Added: I just noticed you said one of the tests is a "gold standard." In that case your "gold standard" result is not considered to have error variance--its results are "truth." So after expanding Proportions, select "one sample" and select the test you want. (You cannot calculate sample size for the binomial test, so don't select that.)

Dear Clyde, thank you very much for your quick reply.
However, I am still a bit confused by the fact that NPV is defined through prevalence of the disease and specificity, and these two do not get to be included in the sample size calculation. Essentially, by using one sample score test comparing one proportion to a reference value, the return value will be how many people I need to recruit with a negative screening test result to achieve the pre-specified NPV against a ref value (and for a given significance level and power). That doesn't tell me how many people I need to recruit in total, given prevalence of the disease.

Many thanks for your help

Georgia,
As Clyde mentioned, it is not clear if you are using a case-control design. Is your project a case–control study with subjects drawn from the population?

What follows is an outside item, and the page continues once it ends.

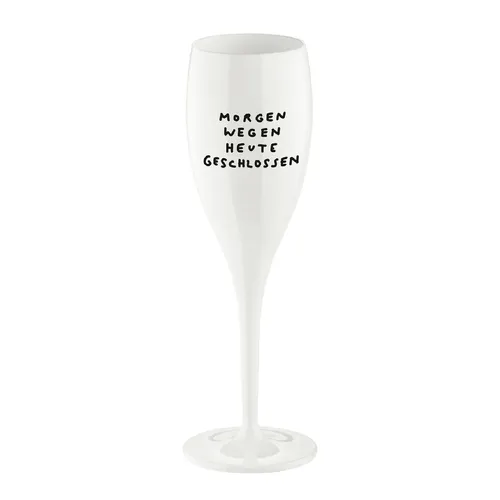Koziol Sektglas Cheers No.1 morgen wegen heute geschlossen 100 ml, 6289525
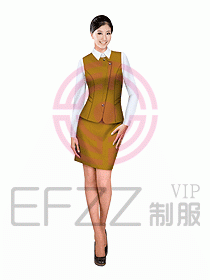 女職業裝馬夾設計圖176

If not (e.g., a cross-sectional study), what is wrong with Monte Carlo simulation with a focus on precision (and not on power)?

Yes, that is one way of thinking about NPV. But it is simpler to think of it as just True Negatives/(True Negatives + False Negatives).

If you compare your non-gold-standard NPV value to a specified goal (Null) value using a one-sample power calculation, the result you get will be the total number of people you have to test to get your desired level of power for the desired level of Type 1 error. Now, this assumes that you are sampling from the same population for which the gold standard test was originally validated, or at least a population with the same prevalence. But, really, if you are sampling from a population with a different prevalence, equivalence of the NPV is, if not utterly meaningless, very difficult to interpret because NPV's are very sensitive to disease prevalence.